Ambient intelligence helps power IoT and AI devices

Ambient intelligence at the service of the IoT

AmI communication elements are always on and responsive to human input and other variables.

In addition to home and business settings, ambient intelligence can also be used in a fully automated environment to assess conditions, interact with other devices, perform management functions, and transmit data outdoors.

Some elements of an AmI environment:

Integration: Computers are generally not self-contained devices in the environment, but many man-made and organic systems have built-in intelligence and computing capabilities. The current development of the Internet of Things (IoT), which consists of equipping just about any type of object imaginable with computing capacity and connectivity, leads us to embedded computing.

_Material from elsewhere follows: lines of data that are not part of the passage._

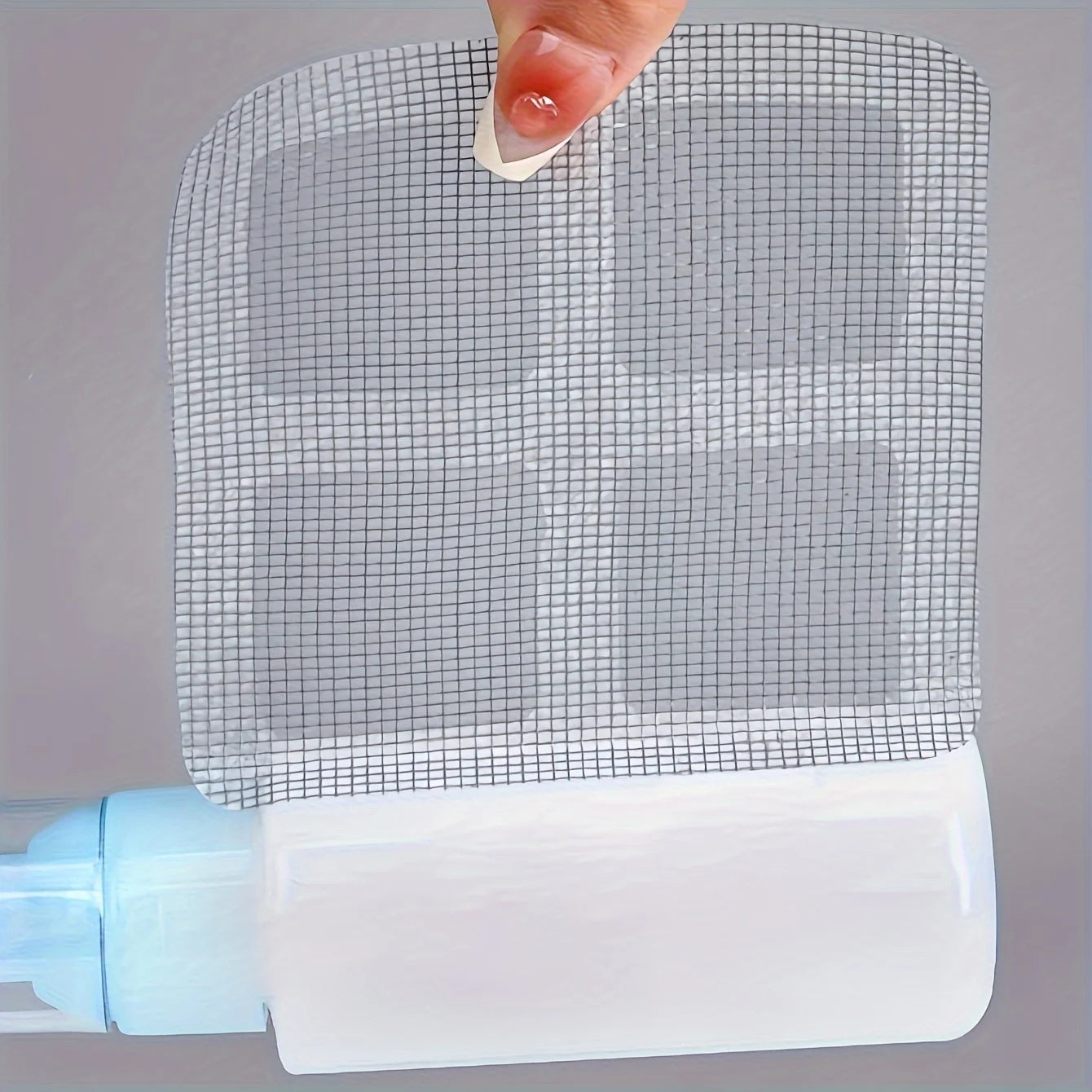 Floor Drain Sticker, Insect-proof Self-adhesive Bathroom Hair Filter Net, Sewer Filter, Kitchen Anti-blocking Mesh Net Beauty World Shop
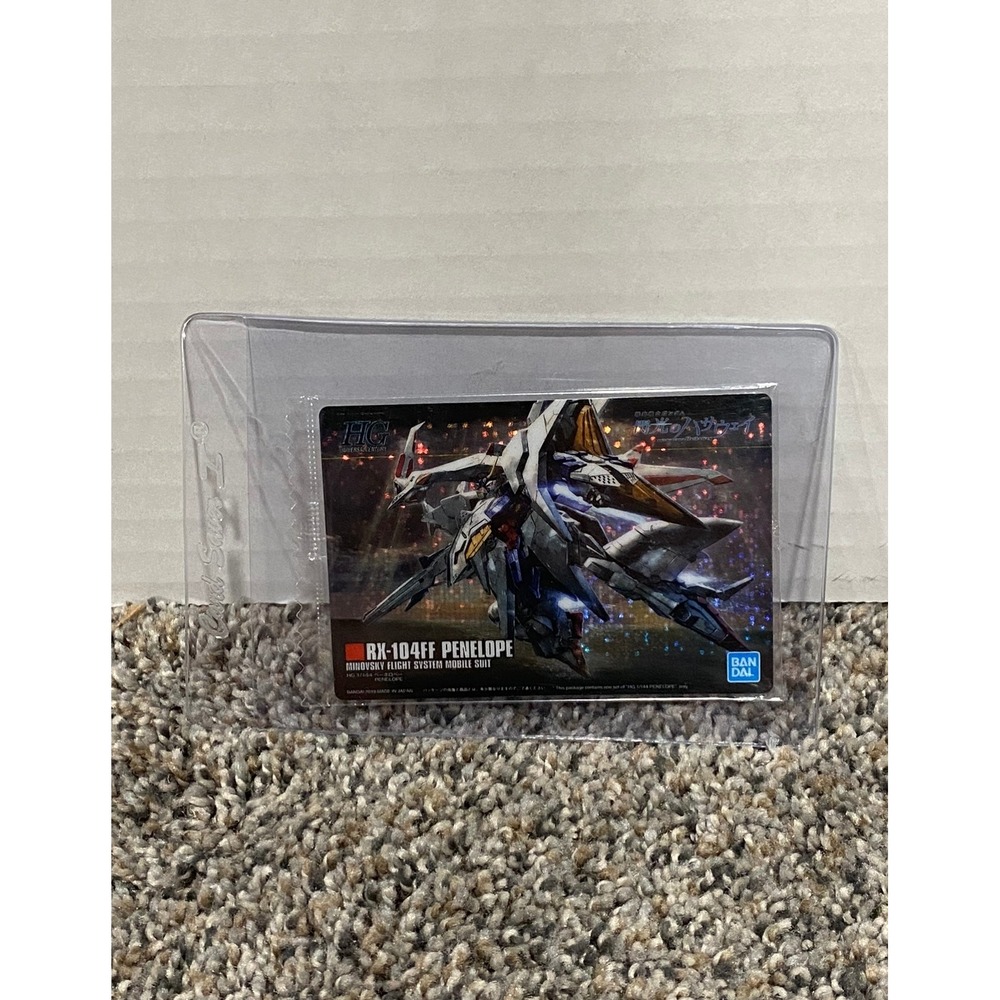 Bandai Gundam Card RX-104FF Penelope HG UC Multi One Size Excellent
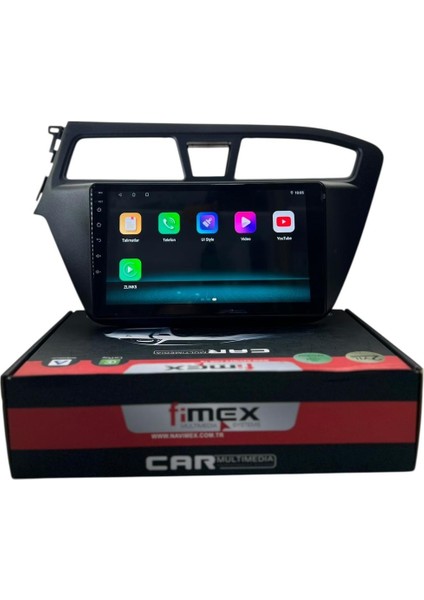 Hyundai I20 2015-2018 Fimex 4-64 (Fanlı) Dspli Pro Oem Multimedia fırsatları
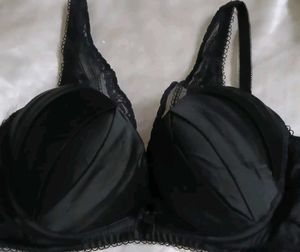 New Black Lace Bra
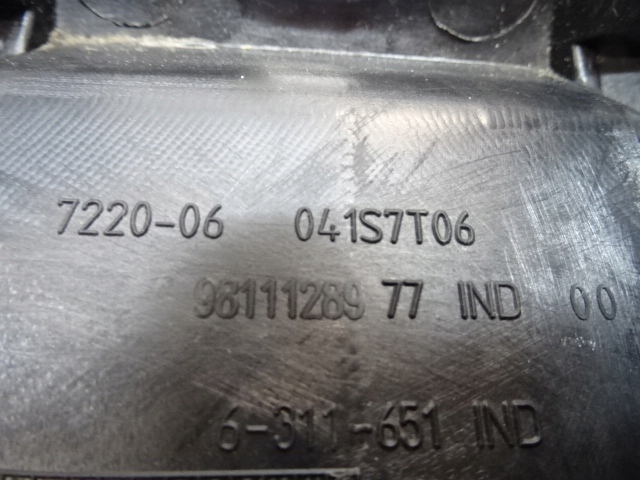 фото №11, Citroen berlingo peugeot partner iii тунель середній корпус 9680932277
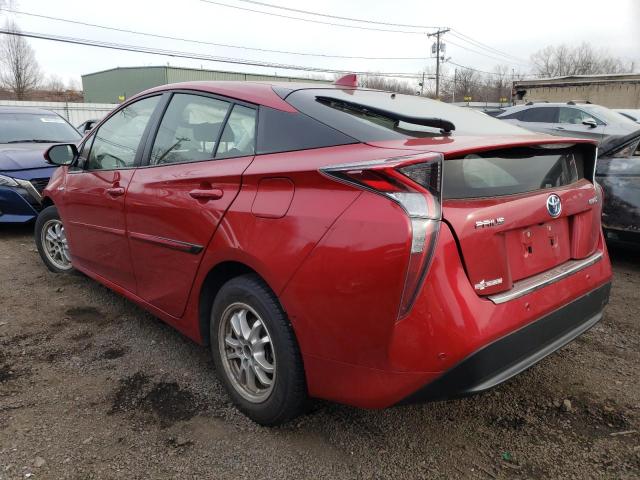 Photo 2 from auction – 2017 TOYOTA PRIUS with VIN JTDKARFU6H3544761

Transparency: Transparency, in the context of transparent computing, essentially means “invisibility”. People naturally interact with embedded systems – by asking a question rather than, say, picking up a tablet and typing in a search query.

Context awareness: This component is the ability of a system or system component to gather information about its environment at a given time and adapt behaviors accordingly. Contextual or context-aware computing uses software and hardware to automatically collect and analyze data to guide responses. Potential data collection and response systems include sensors, emotion analysis, and affective computing software.

Machine Learning: This capability allows devices in the environment to learn from experience, extrapolate from current data, and extend their knowledge and capabilities autonomously.

AmI, Internet of Things, Artificial Intelligence (AI), Robotics, Nanotechnology and other developing trends are transforming the world to such an extent that the current scenario is sometimes referred to as the Fourth Industrial Revolution.